Could you set down exactly the lines in the records below between the line holding "거머줬다. ⓒ임성균 기자" and the line holding "400 VILLAGE GREEN", inclusive?

Extracted data
###

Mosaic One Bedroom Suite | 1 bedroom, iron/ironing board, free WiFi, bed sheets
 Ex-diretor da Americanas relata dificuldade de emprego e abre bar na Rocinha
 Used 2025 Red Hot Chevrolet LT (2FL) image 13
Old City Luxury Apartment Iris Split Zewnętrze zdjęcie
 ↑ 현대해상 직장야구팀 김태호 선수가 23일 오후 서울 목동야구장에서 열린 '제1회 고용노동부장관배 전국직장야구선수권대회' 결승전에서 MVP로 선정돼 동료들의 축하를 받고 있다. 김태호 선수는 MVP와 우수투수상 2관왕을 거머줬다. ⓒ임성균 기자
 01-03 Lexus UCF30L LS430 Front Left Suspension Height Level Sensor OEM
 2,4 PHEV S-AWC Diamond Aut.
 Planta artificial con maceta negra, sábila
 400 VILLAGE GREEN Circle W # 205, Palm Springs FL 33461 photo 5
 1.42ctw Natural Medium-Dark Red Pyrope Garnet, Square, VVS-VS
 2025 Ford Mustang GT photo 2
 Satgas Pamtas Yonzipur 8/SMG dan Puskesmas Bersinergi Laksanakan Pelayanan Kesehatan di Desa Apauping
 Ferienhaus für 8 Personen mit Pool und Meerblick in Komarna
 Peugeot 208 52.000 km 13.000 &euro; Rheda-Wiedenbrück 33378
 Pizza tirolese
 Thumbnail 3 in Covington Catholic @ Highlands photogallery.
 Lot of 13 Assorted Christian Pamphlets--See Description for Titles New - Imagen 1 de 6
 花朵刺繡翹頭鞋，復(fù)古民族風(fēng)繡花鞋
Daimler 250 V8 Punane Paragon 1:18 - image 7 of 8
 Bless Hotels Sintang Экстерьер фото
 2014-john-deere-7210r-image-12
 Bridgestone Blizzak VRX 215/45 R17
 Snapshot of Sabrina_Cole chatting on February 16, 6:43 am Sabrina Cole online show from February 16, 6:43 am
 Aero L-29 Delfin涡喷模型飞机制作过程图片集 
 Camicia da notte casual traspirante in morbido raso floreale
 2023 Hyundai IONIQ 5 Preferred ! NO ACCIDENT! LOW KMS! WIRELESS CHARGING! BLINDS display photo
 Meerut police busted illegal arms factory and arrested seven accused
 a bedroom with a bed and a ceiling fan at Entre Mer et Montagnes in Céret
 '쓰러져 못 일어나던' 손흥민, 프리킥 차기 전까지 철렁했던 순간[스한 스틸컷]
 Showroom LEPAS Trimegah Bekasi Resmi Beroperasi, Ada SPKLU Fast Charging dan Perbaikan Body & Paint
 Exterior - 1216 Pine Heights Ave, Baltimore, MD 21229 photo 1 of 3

###

Task output
 ↑ 현대해상 직장야구팀 김태호 선수가 23일 오후 서울 목동야구장에서 열린 '제1회 고용노동부장관배 전국직장야구선수권대회' 결승전에서 MVP로 선정돼 동료들의 축하를 받고 있다. 김태호 선수는 MVP와 우수투수상 2관왕을 거머줬다. ⓒ임성균 기자
 01-03 Lexus UCF30L LS430 Front Left Suspension Height Level Sensor OEM
 2,4 PHEV S-AWC Diamond Aut.
 Planta artificial con maceta negra, sábila
 400 VILLAGE GREEN Circle W # 205, Palm Springs FL 33461 photo 5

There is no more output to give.